One God, One Faith, Many Responsibilities

Joyce Shin
Associate Pastor, Fourth Presbyterian Church

Psalm 65:5–12
1 Corinthians 7:25–31

“Now concerning virgins, I have no command of the Lord, but I give my opinion as one who by the Lord’s mercy is trustworthy.”

1 Corinthians 7:25 (NRSV)

Each one who will partake of this meal
is a particular someone You love, a someone
You have made and whom You sustain.
In You nothing and no one is forgotten.
How vast and providential is the memory
with which You keep us all.

Gunilla Norris
“Setting the Table”
Being Home: Discovering the Spiritual in the Everyday


I have never forgotten the sermon preached at my friend’s wedding. In it, the preacher spoke about marriage as that proverbial ball and chain, and she drew out the irony that couples voluntarily enter into it. Providing example after example of scenes from married life, she underscored the reality that marriage, by tying you to another person, actually ties you down. She went on to point out yet a further irony: that while so many people complain about their families and spend much of their lives coming to terms with the fact that they are stuck with the families into which they were born, many of them nevertheless make the decision to get married, and by doing so, they actually choose, for better or worse, to become family.

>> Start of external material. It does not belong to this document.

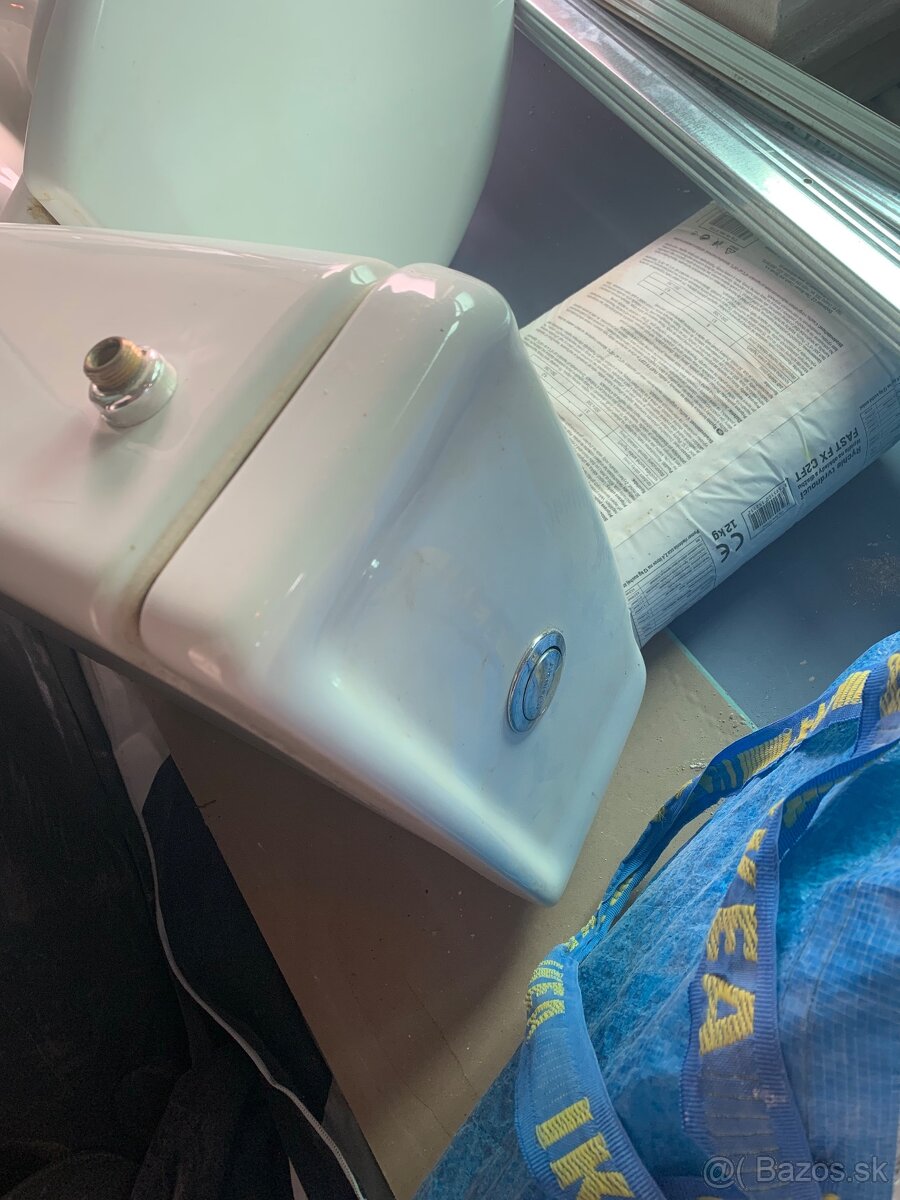 Darujem WC kombi - 2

It is true that family ties you down. Whether you were born, adopted, or married into it, the family you’re in requires loyalty, time, and attention, which arguably could be devoted to other things, and it entails taking on responsibilities and duties, enough to drive you to distraction. There has always been and probably always will be a strain between wholehearted and single-minded devotion to God and the multiplicity of familial responsibilities that clamor for our attention.

It is not surprising then that no religious tradition has been able to escape the tension between family and religious life. Judaism in eighteenth-century Eastern Europe dealt with the tension by separating spheres of activity, reserving religious study for men and designating care of family for women. Hinduism regulated the problem in a chronological way, dividing the cycle of life into four stages. Each stage was devoted to a different concern, one stage for “householding” and child-rearing. In the seventeenth century, American Puritans sanctioned the home as a “little church” in which fathers were not only placed at the head of the family, but were elevated nearer to God than others (Bonnie J. Miller-McLemore, In the Midst of Chaos, p. 11). Though Christian families today hardly resemble Puritan families of the seventeenth century, the effort to live lives faithful to God while meeting the multiple demands put upon us by our families is no less strenuous and is all the more experimental. Each household has to figure things out as best it can, and the church needs to be careful whenever it feels inclined to take positions on the issue.

I was glad and quite relieved, when I read today’s scripture lesson assigned by the lectionary, that Paul, in addressing the issue of whether or not people should remain single, get married, remain married, or become single, takes care to qualify his remarks with the important recognition that at best his remarks are his opinion. They are not more than his best advice. They are not God-given, and thus they are not to be applied as rules or laws for the church.

Let’s review what Paul says: “Now concerning virgins, I have no command of the Lord, but I give my opinion as one who by the Lord’s mercy is trustworthy. I think that, in view of the impending crisis, it is well for you to remain as you are.” Paul spells it out: if you’re already married, remain married; if you are not currently married, stay as you are; if you want to get married, then get married. None of these decisions is off limits, because none is sinful. But then Paul goes on to say that though none is sinful, it is better to be single than to be married.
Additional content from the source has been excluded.